Friday, March 18, 2011

Scotland, the gift that will forever keep me longing (Prompt 6)

It's been almost three years now since I came back from the land of outcasts known as Scotland. For those who haven't spent a considerable amount of time in the country and gotten to know what it means to be Scottish or at least for those of us who didn't have the luxury of having a class called 'Culture and Society in Modern Scotland' to explain to us this paradigm, let me provide some background.
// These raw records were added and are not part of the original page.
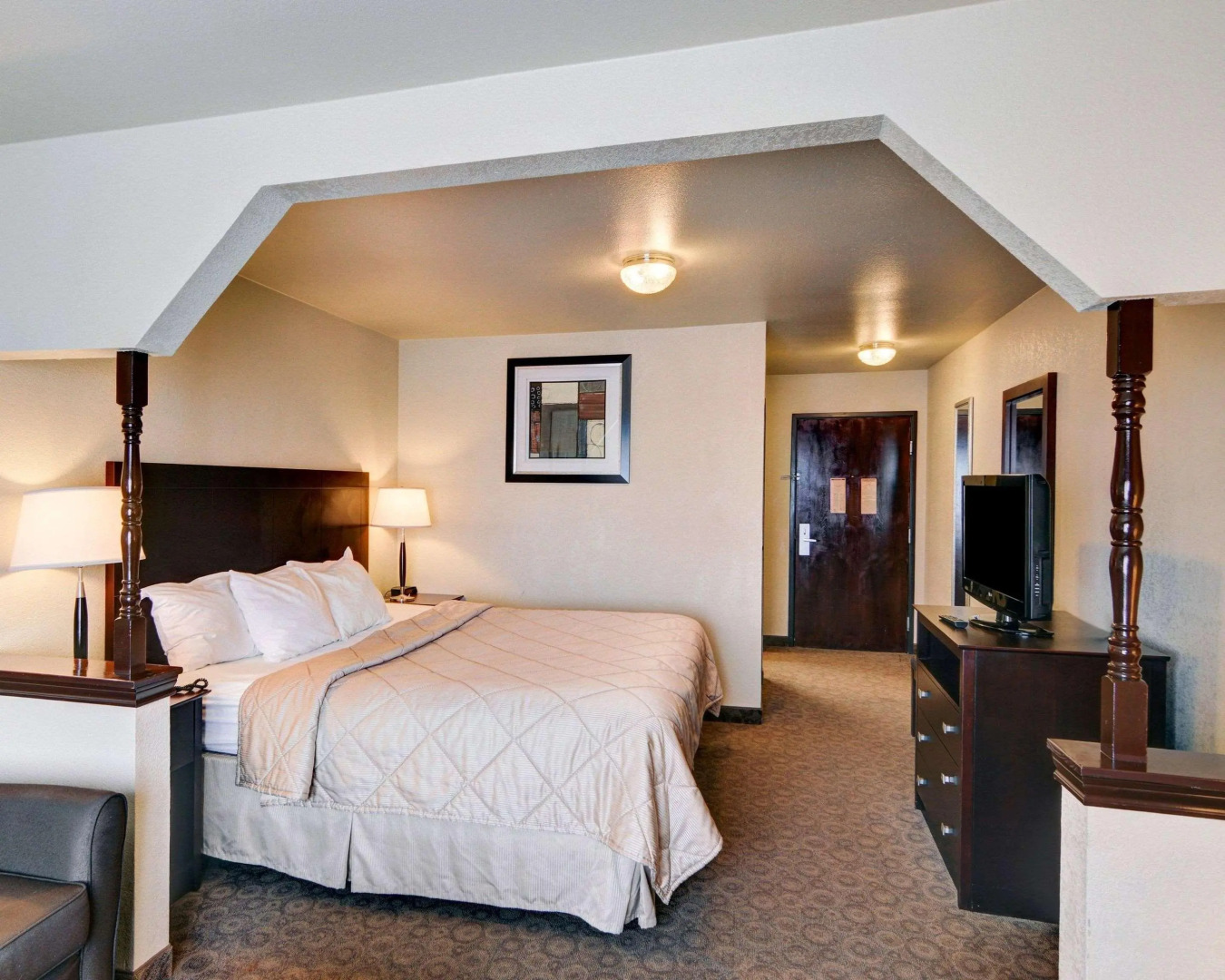 Quality Inn & Suites Terrell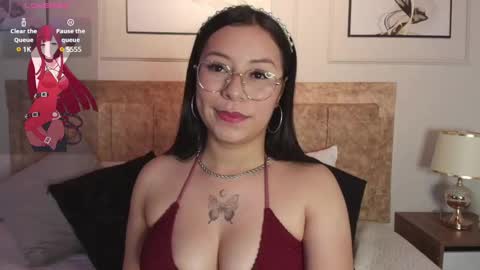 krystal online show from 01-11-25, 04:06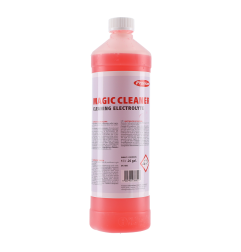 Fronius ELEKTROLYT REINIGEN ROT 1,0L MagicCleaner 300 - 42,0510,0382 -  -  - 38,41 € - 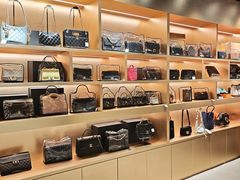 -109度二手奢侈品手表包包珠宝回收(新天地店)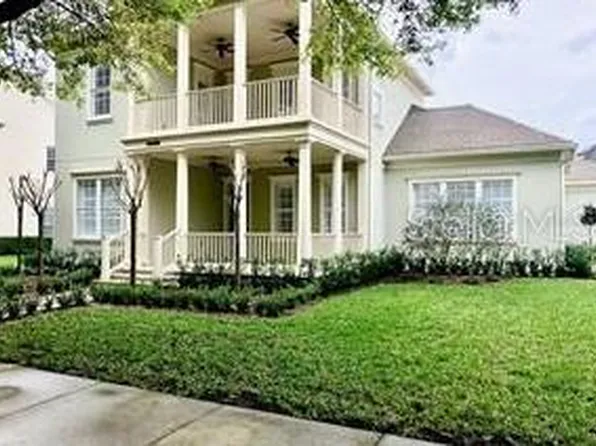 1438 STICKLEY AVENUE, CELEBRATION, FL 34747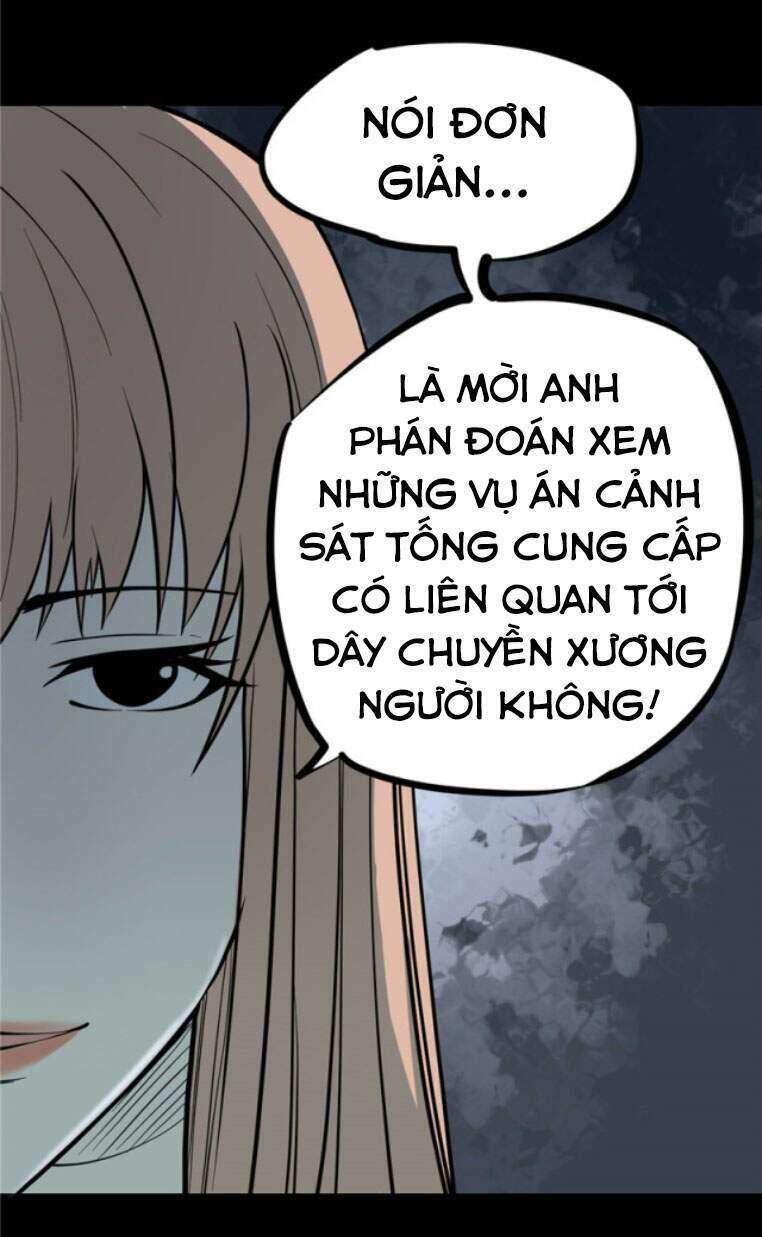 Người Thương Thuyết Cõi Âm - Chapter 29 - Page 26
I could go into the whole Bonnie Prince Charlie thing and the fact the English stole the throne from the Scots, but I was never very patient with history. Don't tell my girlfriend (the history whiz kid), but history, although important, bores me.  So here's the down and dirty of Scotland that helped me find a home at the very heart of a culture or at least helped shaped my world view. The true state of the modern Scottish psyche can be encapsulated by one single paragraph in Irvine Welsh' cult classic and dialectical roller coaster novel/collection of inter-related stories about heroin addiction, Trainspotting. At one point, the main narrator Mark Renton stops in the middle of the field to express his self-loathing as a Scotsmen, his says something along the lines of not hating the English for essentially making Scotland another colony, but instead hating is own Scottish heritage for allowing themselves to be taken over so easily by a bunch of wankers. The tone of this rant echoes through out contemporary writing and if ever a culture carried around a thinly veiled chip on its shoulder, it's the Scots. My professor was a renowned poet, Don Paterson. He pointed out to us what the Scots deal with and have come to accept on a daily basis which is that their very culture is a lie. The kilt is nothing more than a bit of folklore dredged up by Sir Walter Scott and the people of Edinburgh who hosted the English King at festival. Most clans, including William Wallace, most likely still wore the tartan that is so romanticized in travel brochures, but it wasn't the kind of kilt Mel Gibson wore in Braveheart. Ironically enough, the Scots don't even really own their own folk hero, William Wallace. At his monument in Stirling, it's Gibson image immortalized in a statue rather than what historical reports of Wallace's appearance conveyed. The culture is one searching for an identity. They are no longer the pastoral visages created by Burns' poetry or Scott's novels, but instead there is a seething frustration with not knowing what it truly means to be Scottish and this intrigued me.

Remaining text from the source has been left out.